» WORK INSTRUCTIONS
Your copy of the listing should be exact and should contain no pictures.

##### GIVEN INFORMATION #####

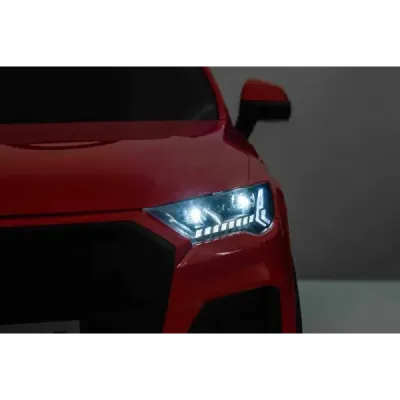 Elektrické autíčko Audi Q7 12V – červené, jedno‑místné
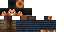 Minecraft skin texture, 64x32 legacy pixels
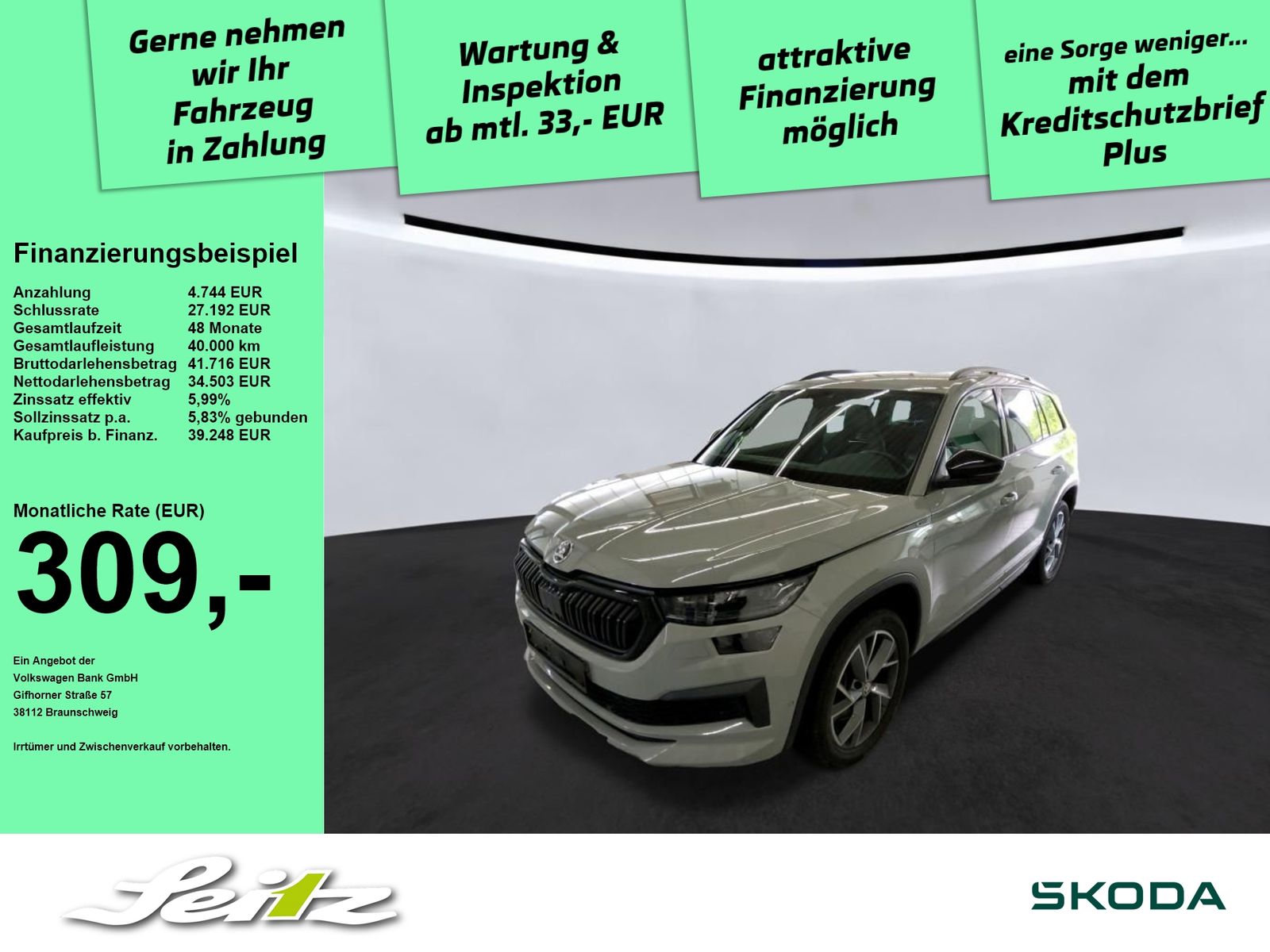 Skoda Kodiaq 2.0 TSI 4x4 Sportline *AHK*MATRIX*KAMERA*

#####

» RESULT FOR THIS EXERCISE
 Elektrické autíčko Audi Q7 12V – červené, jedno‑místné
 Minecraft skin texture, 64x32 legacy pixels
 Skoda Kodiaq 2.0 TSI 4x4 Sportline *AHK*MATRIX*KAMERA*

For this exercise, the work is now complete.